Component Description
Role What the persona does
Input What the persona expects to receive
Style How the persona communicates
Constraints Rules and limitations
Expected Output Deliverable format
Archetype Behavioral pattern
Responsibilities Specific duties
Role Skills Technical skills
Role Collaborators Who the persona works with
Role Adoption Checklist Steps to adopt the persona

Find, Create, Critique (FCC)

The three-phase workflow cycle:

  • Find: Research and gather information. Identify what exists, what is missing, and what needs to change.
  • Create: Produce artifacts -- code, documents, designs, tests. Apply persona expertise to generate deliverables.
  • Critique: Review and evaluate artifacts against quality gates. Provide structured feedback and improvement recommendations.

Persona Categories

The 102 personas are organized into 20 categories:

Category Count Focus
core 5 Base FCC workflow roles
integration 8 Cross-system integration
governance 4 Quality and compliance
stakeholder 5 Business and user perspectives
champion 4 Team coordination
ux_visualization 3 User experience
protocol_engineering 3 Protocol design
jv_governance 3 Joint venture management
open_science 3 Open science compliance
responsible_ai 3 AI ethics
jv_collaboration 3 JV collaboration
docs_as_code 3 Documentation
privacy 3 Privacy engineering
knowledge_graph 3 Knowledge management
local_first_ai 3 Edge/local AI
data_engineering 6 Data pipelines
ml_lifecycle 9 ML operations
ml_models 11 Model development
devops 3 DevOps practices
app_development 2 Application building

Frequently Asked Questions

Do I need all 11 projects?

No. Start with the FCC hub (Tier 0). Add other projects as your needs grow. Each project is independently installable.

Can I use FCC without AI?

Yes. The simulation engine has a deterministic mock mode that requires no AI provider. All personas, workflows, and quality gates work without AI.

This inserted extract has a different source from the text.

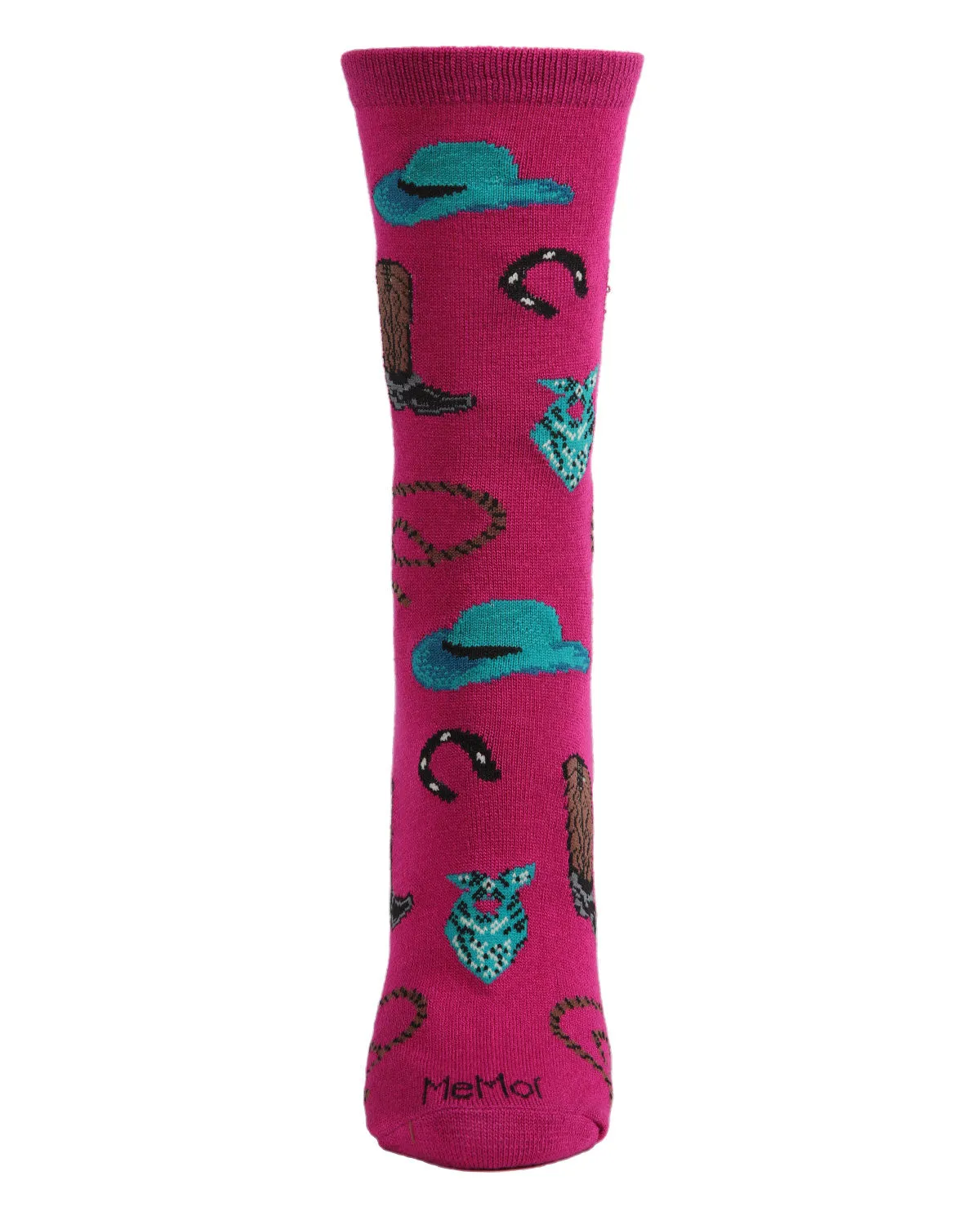 Western Theme Bamboo Blend Crew Socks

How do I add a new project to the ecosystem?

  1. Define your project's A2A Agent Cards.
  2. Register your project's MCP tools (if any).
  3. Connect to the EventBus via the WebSocket or SSE bridge.
  4. Register with the JV Partnership Registry for governance tracking.

What is the difference between FCC and PAOM?

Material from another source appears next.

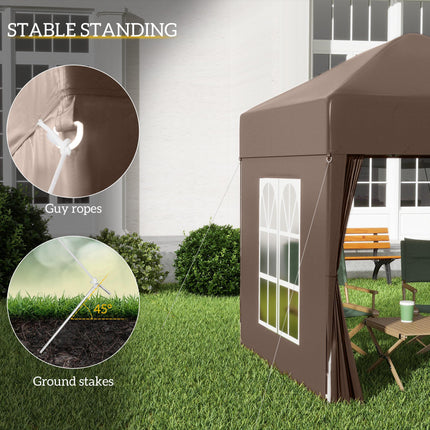 2x2m Pop Up Gazebo Canopy Set With Removable Walls - Coffee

FCC owns and defines the framework (personas, workflows, R.I.S.C.E.A.R.). PAOM is a consumer that adds pattern-specific personas and tools. PAOM depends on FCC; FCC does not depend on PAOM.

Where are the Streamlit apps?

The apps/streamlit/ directory contains 10 Streamlit applications for visual exploration. Run them with streamlit run apps/streamlit/<app>.py.